Quando o cineclube no ano passado exibiu um filme chamado Audition (Entrevista) do diretor japonês Takashi Miike, minha intenção era a de colocar esse nome na lista dos diretores dos cinéfilos cascavelenses que o desconheciam, sendo que na época o diretor já tinha dezenas de títulos e somente o episódio da série Masters of Horror havia sido lançando em DVD no Brasil. O filme era visto como o melhor exemplar de Miike juntamente com Ichi, o Assassino, e verdade seja dita, que já eram febre no Brasil, devido às abençoadas cidades que tem grandes festivais e principalmente à internet.

O filme causou reações diversas, desde o fã de terror que dentro de uma infinita prepotência achou o começo chato, o que o fez perder uma das turgescências mais pesadas da história do cinema, até os mais sensíveis que lotaram a caixa de e-mail do SESC exigindo uma classificação etária mesmo não tendo ninguém com menos de 16 na sessão.

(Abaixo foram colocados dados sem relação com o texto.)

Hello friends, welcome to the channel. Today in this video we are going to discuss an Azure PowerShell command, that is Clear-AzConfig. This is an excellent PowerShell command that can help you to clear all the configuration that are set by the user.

Desde o começo do Silenzio sua intenção junto dos outros cineclubes é fazer aumentar o número de pedidos por certos diretores que forçasse o lançamento nacional, ou se já lançado, a compra das cópias pelas vídeo-locadoras, tornando assim o acesso do cinema não-hegemônico mais fácil. Essa pesquisa por nossa parte por vezes nos traz grandes cineastas que se não estão no hall dos maiores, mas com certeza estarão. É o caso de Miike, apesar de alguns críticos ainda torcerem o nariz devido ao seu desapego a perfeição de efeitos. Contudo a Revista SET é a prova viva que qualquer moleque espinhento pode se dizer crítico mesmo sem ter referencial teórico nenhum, e vomitar “achismos” e frases feitas para um público que consome fofoca ao invés de cinema. Tirando esses indivíduos, os que se dedicaram a conhecer Miike, perceberam antes de tudo seu ecletismo nos assuntos escolhidos que vão do terror extremo, até filmes infantis, tudo isso aliado a uma prolificidade que não se via desde a morte de R. W. Fassbinder.

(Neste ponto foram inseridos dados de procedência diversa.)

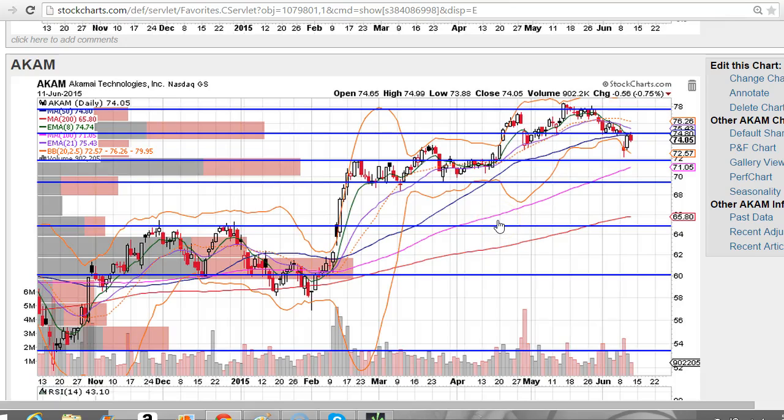Good evening traders, this is Taylor, aka The Trading Analyst, and we're going to take a look at the AKAM chart.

Por conta disso, achei que o primeiro filme de Miike a ser exibido depois de Audition, poderia ser A Felicidade dos Katakuri, que, afinal é um musical familiar,... Mas é um Takashi Miike. O que o torna uma comédia-romântica-familiar-de humor-negro-com-toques-de-terror-light-stop-motion-bizarros-e-números-musicais-bregas-com-zumbis. E isso faz toda a diferença. A frase que escolhi para nomear esse texto é o slogan americano do filme, claramente uma brincadeira com a frase famosa do filme A Noviça Rebelde: “The hills are alive with the sound of music

Um filme que começa com uma moça tirando um cupido feito com massinha de modelar de dentro de um prato de sopa já diz ao que veio e logo lhe informa que será diferente. Miike brinca o filme todo com a ocidentalização da cultura nipônica, e de como o ocidente vê essa cultura tão diferente do lado de lá. Por exemplo, os números musicais são repletos de ‘caras e bocas’ e dancinhas que fazem Rocky Horror Picture Show parecer bem coreografado, sempre evocando o exemplar mais nipônico impossível: o karaokê. Apesar das brincadeiras, é visível o respeito de Miike por sua cultura, mesmo volta-e-meia a criticando (em Audition os instrumentos de tortura são objetos caros aos orientais como incensos e agulhas de acupuntura), tanto que apesar de fazer enorme sucesso nos EUA e ser considerado “um dos diretores mais talentosos da atualidade” por nomes como Quentin Tarantino, Miike flerta com o ocidente, mas se recusa a aprender inglês, por exemplo. Um de seus últimos filmes também faz essa mistura de pólos, Sukiyaki Western Django. É isso mesmo que você está pensando: um remake do faroeste italiano Django com atores japoneses falando um inglês só possível de entender com legendas. Detalhe: Tarantino atua no filme e fala esse mesmo inglês.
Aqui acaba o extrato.